Slider Comparison: drag between two predictions with automatically labeled overlays.
Method Comparison: view models side-by-side with synchronized layout and captions rendered in OpenCV.
Single Model: inspect the RGB input versus one model output using the Gradio ImageSlider component.
Example Gallery: natural-number sorting across assets/examples, Depth-Anything/assets/examples, Depth-Anything-V2/assets/examples, and Pixel-Perfect-Depth/assets/examples.

📦 Installation & Setup

Local Development

Clone & enter:

git clone <repository-url>
cd Depth-Estimation-Compare-demo

Install dependencies (includes gradio, torch, gradio_imageslider, open3d, scikit-learn, and MoGe utilities):
```
pip install -r requirements.txt
```
Model assets:
- Depth Anything v1 checkpoints stream automatically from the HuggingFace Hub.
- Download Depth Anything v2 weights into Depth-Anything-V2/checkpoints/ if they are not already present (depth_anything_v2_vits.pth, depth_anything_v2_vitb.pth, depth_anything_v2_vitl.pth).
- Pixel-Perfect Depth pulls the diffusion checkpoint (ppd.pth) from gangweix/Pixel-Perfect-Depth on first use and loads MoGe weights (Ruicheng/moge-2-vitl-normal).

Run the app:

python app_local.py   # Local UI with live reload tweaks
python app.py         # ZeroGPU-ready launch script

HuggingFace Spaces (ZeroGPU)

Push the repository contents to a Gradio Space.
Select the ZeroGPU hardware preset.
The app will download required checkpoints on demand and aggressively free memory after each inference via clear_model_cache().

📁 Project Structure

Depth-Estimation-Compare-demo/
├── app.py                 # ZeroGPU deployment entrypoint
├── app_local.py           # Local-friendly launch script
├── requirements.txt       # Python dependencies (Gradio, Torch, PPD stack)
├── assets/
│   └── examples/          # Shared demo imagery
├── Depth-Anything/        # Depth Anything v1 implementation + utilities
├── Depth-Anything-V2/     # Depth Anything v2 implementation & checkpoints
├── Pixel-Perfect-Depth/   # Pixel-Perfect Depth diffusion + MoGe helpers
└── README.md              # You are here

⚙️ Configuration Notes

Model dropdown labels come from V1_MODEL_CONFIGS, V2_MODEL_CONFIGS, and the PPD entry in app.py.
clear_model_cache() resets every model and flushes CUDA to respect ZeroGPU constraints.
Pixel-Perfect Depth inference aligns relative depth to metric scale through recover_metric_depth_ransac() for consistent visualization.
Depth visualizations use a normalized Spectral_r colormap; PPD uses a dedicated matplotlib colormap for metric maps.
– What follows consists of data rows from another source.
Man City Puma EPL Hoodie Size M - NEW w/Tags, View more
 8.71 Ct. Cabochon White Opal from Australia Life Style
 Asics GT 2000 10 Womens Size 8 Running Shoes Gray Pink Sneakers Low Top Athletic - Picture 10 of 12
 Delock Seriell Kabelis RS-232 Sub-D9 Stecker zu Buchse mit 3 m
📊 Performance Expectations

Depth Anything v1: ViT-S ~1–2 s, ViT-B ~2–4 s, ViT-L ~4–8 s (image dependent).
Depth Anything v2: similar to v1 with improved sharpness; HF downloads add one-time startup overhead.
Pixel-Perfect Depth: diffusion + metric refinement typically takes longer (10–20 denoise steps) but returns metrically-aligned depth suitable for downstream 3D tasks.

🎯 Usage Tips

Mix-and-match any two models in comparison tabs to highlight qualitative differences.
Use the Single Model tab to corroborate PPD metric depth versus RGB input.
Leverage the provided examples to benchmark indoor/outdoor, lighting extremes, and complex geometry scenarios before running custom images.

🤝 Contributing

Enhancements are welcome—new model backends, visualization modes, or memory optimizations are especially valuable for ZeroGPU deployments. Please follow the coding style in app.py and keep documentation in sync with new capabilities.

📚 References

📄 License

Depth Anything v1: MIT License
Depth Anything v2: Apache 2.0 License
Pixel-Perfect Depth: see upstream repository for licensing
Demo scaffolding in this repo: MIT License (follow individual component terms)

Built as a hands-on playground for exploring modern monocular depth estimators. Adjust tabs, compare outputs, and plug results into your 3D workflows.